Done by Niloufar Mallam Hassam, BSc (Hons) Computer Science Yr 3 (Completed August 2021)
Traffic sign recognition (involving detection and classification) is considered fundamental for certain applications such as semi-autonomous / autonomous self-driving cars or driving alert systems. The system applies image processing techniques on a traffic sign image extracted from the images of road scene. Then, it should classify that sign into one of the correct categories & identify its meaning.
Traffic signs are simply detected by analyzing color information, notably red and blue, contained on the images. The detected signs are then classified according to their shape characteristics, as triangular, squared and circular shapes. Combining color and shape information, traffic signs are classified into one of the following main classes: danger, information, obligation or prohibition etc. Recognition process will identify the specific sign within its category. In order to make it happen, a machine learning technique can be applied, being trained with 1000s images beforehand. The algorithm analyzes the recurring patterns in the presented training images and learns to categorize new images.

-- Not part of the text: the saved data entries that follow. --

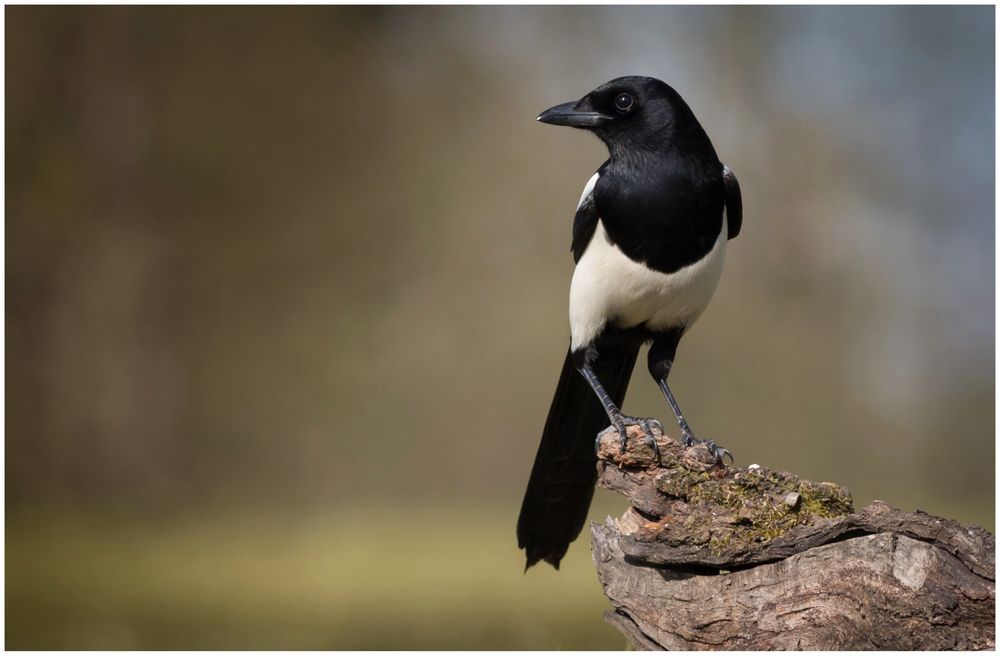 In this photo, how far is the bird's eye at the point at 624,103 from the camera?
2.22m

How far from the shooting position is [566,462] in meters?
2.39

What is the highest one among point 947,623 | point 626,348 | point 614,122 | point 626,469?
point 614,122

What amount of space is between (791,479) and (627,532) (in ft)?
1.04

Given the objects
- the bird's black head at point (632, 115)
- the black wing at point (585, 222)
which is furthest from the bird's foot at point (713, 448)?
the bird's black head at point (632, 115)

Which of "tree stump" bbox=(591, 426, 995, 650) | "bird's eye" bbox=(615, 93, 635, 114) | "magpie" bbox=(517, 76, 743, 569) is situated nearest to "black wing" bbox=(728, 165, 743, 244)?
"magpie" bbox=(517, 76, 743, 569)

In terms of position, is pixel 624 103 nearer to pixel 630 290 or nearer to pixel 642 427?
pixel 630 290

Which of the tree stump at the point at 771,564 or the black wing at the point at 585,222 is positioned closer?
the tree stump at the point at 771,564

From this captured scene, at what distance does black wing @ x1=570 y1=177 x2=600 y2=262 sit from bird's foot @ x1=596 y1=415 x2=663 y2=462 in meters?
0.45

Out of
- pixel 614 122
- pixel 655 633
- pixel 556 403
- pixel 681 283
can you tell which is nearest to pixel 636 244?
pixel 681 283

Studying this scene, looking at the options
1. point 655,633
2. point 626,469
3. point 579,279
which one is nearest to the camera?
point 655,633

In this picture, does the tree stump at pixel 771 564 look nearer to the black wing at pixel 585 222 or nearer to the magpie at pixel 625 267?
the magpie at pixel 625 267

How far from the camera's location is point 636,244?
2.13 m

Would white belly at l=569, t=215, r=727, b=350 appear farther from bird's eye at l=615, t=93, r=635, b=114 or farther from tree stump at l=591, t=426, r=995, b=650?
tree stump at l=591, t=426, r=995, b=650

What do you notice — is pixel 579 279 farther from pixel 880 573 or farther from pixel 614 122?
pixel 880 573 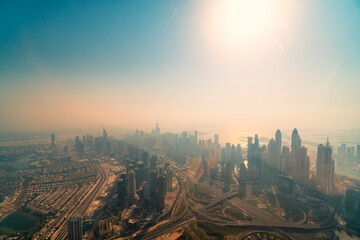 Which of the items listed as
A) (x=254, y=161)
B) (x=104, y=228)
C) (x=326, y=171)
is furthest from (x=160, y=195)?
(x=326, y=171)

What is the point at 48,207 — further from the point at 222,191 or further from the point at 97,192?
the point at 222,191

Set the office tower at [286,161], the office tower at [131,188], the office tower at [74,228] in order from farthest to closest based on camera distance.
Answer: the office tower at [286,161] → the office tower at [131,188] → the office tower at [74,228]

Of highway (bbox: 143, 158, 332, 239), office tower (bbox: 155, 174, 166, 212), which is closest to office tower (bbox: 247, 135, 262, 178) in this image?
highway (bbox: 143, 158, 332, 239)

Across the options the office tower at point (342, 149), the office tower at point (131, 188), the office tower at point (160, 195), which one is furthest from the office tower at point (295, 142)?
the office tower at point (131, 188)

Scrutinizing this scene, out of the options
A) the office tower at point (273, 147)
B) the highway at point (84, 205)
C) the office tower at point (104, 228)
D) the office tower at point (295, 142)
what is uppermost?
the office tower at point (295, 142)

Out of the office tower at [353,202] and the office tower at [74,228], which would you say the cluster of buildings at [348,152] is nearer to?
the office tower at [353,202]

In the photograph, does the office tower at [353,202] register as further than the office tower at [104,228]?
Yes

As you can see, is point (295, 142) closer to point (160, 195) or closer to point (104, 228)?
point (160, 195) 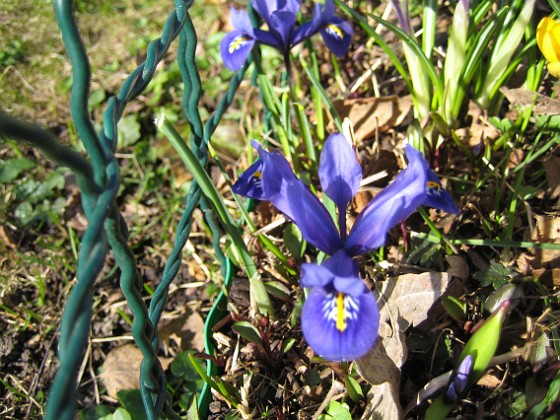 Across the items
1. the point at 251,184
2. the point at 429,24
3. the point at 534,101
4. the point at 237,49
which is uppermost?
the point at 237,49

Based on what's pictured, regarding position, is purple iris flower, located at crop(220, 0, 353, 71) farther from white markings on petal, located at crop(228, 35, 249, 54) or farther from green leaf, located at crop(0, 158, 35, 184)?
green leaf, located at crop(0, 158, 35, 184)

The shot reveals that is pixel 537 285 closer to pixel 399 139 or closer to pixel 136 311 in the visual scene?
pixel 399 139

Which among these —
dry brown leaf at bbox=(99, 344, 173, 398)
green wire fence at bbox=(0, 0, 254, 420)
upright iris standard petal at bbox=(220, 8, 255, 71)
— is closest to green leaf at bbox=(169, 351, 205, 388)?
dry brown leaf at bbox=(99, 344, 173, 398)

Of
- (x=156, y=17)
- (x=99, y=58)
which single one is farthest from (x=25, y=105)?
(x=156, y=17)

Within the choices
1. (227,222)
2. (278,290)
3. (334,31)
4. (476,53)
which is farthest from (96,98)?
(476,53)

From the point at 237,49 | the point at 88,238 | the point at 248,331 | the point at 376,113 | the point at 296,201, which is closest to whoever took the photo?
the point at 88,238

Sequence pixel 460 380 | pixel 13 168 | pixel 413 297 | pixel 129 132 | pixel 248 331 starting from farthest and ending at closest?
pixel 129 132 → pixel 13 168 → pixel 248 331 → pixel 413 297 → pixel 460 380

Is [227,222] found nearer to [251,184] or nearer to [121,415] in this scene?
[251,184]

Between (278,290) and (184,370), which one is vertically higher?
(278,290) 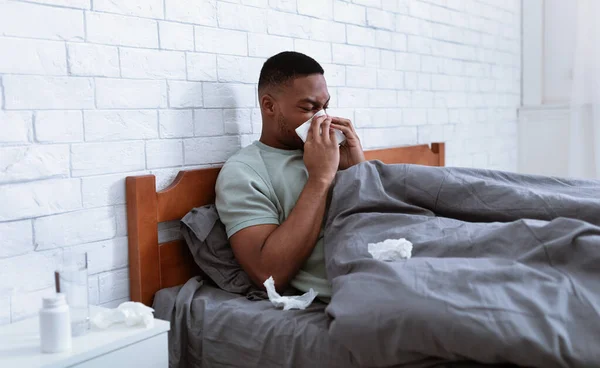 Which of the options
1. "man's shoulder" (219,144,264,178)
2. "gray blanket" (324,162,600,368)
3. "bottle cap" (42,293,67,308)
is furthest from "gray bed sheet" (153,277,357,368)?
"bottle cap" (42,293,67,308)

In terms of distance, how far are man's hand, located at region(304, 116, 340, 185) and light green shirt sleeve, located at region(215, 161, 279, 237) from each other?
0.13 m

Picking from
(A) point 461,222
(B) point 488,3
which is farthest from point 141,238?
(B) point 488,3

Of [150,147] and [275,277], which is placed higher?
[150,147]

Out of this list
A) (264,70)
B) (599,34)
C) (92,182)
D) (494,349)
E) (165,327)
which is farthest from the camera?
(599,34)

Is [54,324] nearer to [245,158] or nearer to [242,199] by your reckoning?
[242,199]

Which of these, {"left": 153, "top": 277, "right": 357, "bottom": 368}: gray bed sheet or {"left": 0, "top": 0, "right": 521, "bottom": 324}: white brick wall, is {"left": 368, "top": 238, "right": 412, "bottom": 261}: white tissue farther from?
{"left": 0, "top": 0, "right": 521, "bottom": 324}: white brick wall

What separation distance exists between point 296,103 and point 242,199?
1.12 feet

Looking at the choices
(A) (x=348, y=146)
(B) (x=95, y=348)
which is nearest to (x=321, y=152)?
(A) (x=348, y=146)

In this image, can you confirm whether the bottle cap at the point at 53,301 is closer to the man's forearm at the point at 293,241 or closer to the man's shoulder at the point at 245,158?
the man's forearm at the point at 293,241

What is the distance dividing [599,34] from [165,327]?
2.60 meters

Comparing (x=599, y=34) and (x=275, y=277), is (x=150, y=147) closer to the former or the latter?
(x=275, y=277)

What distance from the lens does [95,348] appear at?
3.69 ft

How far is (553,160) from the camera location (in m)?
3.33

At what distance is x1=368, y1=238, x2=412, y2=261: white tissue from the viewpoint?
133cm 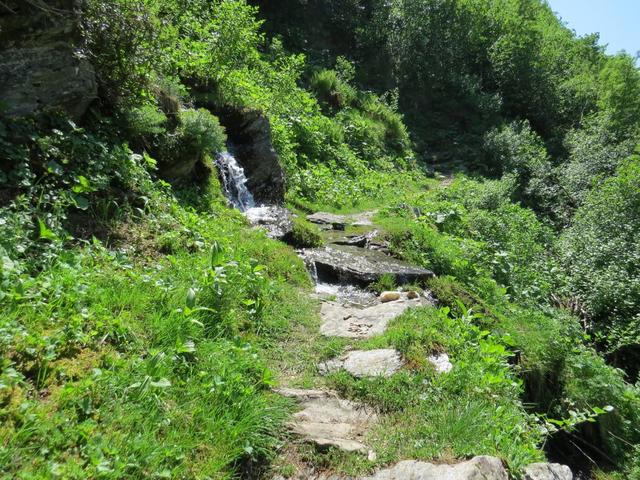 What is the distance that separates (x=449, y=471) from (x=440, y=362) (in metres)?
1.65

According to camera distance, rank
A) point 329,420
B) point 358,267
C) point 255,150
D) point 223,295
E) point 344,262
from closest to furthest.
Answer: point 329,420, point 223,295, point 358,267, point 344,262, point 255,150

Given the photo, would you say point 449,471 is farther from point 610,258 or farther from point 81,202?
point 610,258

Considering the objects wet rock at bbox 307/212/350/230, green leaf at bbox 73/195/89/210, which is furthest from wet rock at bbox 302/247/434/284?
green leaf at bbox 73/195/89/210

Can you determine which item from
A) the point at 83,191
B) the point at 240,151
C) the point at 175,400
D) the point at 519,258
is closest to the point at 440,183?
the point at 519,258

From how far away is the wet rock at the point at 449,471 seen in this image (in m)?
3.17

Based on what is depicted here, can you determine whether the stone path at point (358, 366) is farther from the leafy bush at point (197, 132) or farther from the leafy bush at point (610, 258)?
the leafy bush at point (610, 258)

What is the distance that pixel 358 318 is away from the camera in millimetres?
6070

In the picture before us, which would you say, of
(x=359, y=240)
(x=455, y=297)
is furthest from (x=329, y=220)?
(x=455, y=297)

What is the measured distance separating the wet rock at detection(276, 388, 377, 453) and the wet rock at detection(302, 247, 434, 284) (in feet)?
13.1

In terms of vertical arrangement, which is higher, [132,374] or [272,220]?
[272,220]

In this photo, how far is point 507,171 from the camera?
22.4 meters

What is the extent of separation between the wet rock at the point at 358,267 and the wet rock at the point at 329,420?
13.1 feet

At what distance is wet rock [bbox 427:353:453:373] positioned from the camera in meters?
4.67

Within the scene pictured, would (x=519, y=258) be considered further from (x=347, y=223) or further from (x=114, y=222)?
(x=114, y=222) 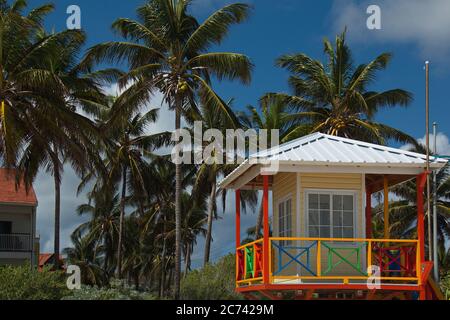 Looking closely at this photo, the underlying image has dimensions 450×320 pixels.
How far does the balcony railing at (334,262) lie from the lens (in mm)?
19344

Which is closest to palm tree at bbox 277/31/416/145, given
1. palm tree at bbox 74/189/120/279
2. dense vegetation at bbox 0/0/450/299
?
dense vegetation at bbox 0/0/450/299

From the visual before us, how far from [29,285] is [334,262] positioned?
29.0ft

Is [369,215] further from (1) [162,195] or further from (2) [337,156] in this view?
(1) [162,195]

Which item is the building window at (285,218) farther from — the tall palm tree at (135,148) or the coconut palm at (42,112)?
the tall palm tree at (135,148)

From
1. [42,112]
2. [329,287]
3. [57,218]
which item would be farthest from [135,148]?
[329,287]

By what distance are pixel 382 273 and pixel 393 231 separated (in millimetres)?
32034

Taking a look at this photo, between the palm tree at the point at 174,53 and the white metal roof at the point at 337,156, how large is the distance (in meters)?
10.2

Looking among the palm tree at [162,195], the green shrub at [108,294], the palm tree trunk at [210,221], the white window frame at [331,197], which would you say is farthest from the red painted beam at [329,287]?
the palm tree at [162,195]

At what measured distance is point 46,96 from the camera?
2808 cm

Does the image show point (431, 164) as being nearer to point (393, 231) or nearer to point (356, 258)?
point (356, 258)

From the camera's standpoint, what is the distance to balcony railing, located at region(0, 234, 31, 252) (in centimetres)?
4334

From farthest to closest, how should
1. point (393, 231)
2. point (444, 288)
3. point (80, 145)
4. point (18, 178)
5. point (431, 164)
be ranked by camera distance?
1. point (393, 231)
2. point (18, 178)
3. point (80, 145)
4. point (444, 288)
5. point (431, 164)

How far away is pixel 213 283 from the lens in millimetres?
32938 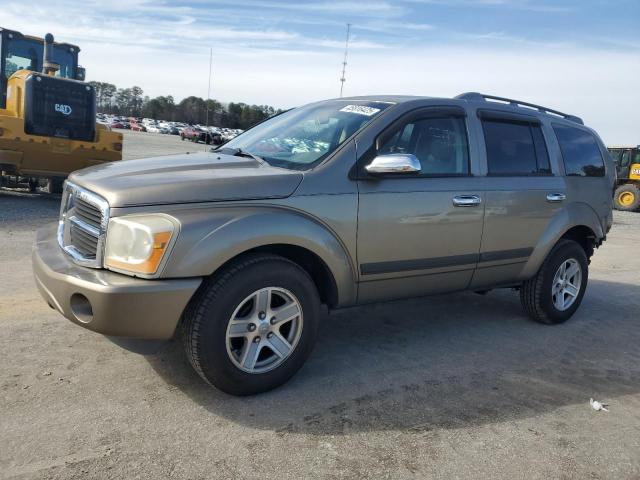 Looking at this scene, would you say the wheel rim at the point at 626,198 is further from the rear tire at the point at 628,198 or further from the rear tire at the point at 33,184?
the rear tire at the point at 33,184

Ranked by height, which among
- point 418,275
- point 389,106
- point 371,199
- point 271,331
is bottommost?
point 271,331

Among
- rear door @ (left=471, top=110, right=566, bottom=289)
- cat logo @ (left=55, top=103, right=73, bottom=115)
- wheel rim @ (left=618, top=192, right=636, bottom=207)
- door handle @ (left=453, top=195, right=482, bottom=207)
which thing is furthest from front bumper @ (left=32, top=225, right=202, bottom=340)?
wheel rim @ (left=618, top=192, right=636, bottom=207)

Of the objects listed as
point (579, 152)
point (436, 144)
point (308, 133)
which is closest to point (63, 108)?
point (308, 133)

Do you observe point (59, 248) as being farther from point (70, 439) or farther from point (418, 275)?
point (418, 275)

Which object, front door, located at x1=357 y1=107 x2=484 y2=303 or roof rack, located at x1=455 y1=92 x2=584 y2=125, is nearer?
front door, located at x1=357 y1=107 x2=484 y2=303

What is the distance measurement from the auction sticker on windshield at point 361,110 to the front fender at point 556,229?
1.93 m

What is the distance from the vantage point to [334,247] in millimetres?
3590

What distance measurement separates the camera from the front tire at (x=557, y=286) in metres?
5.10

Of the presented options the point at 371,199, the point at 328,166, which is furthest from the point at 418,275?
the point at 328,166

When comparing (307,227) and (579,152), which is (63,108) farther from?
(579,152)

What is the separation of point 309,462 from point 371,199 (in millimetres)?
1719

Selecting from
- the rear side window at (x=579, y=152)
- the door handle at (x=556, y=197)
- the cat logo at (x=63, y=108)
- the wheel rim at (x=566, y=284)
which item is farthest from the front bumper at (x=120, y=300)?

The goal of this project is to classify all traffic signs images in Mauritius. We should train the model so it can decode traffic signs from natural images (road scenes) using a Mauritian Traffic Sign Dataset (to be constructed). This data should be first preprocessed in order to maximize the model performance. After selecting a suitable model architecture, fine tuning and training, the model will be tested on new images of traffic signs. Because we deal with images classification, a Convolutional Neural Network (machine learning) is a common choice for this type of problems. Detecting and classification of Traffic sign with high accuracy is the expected outcome of this project.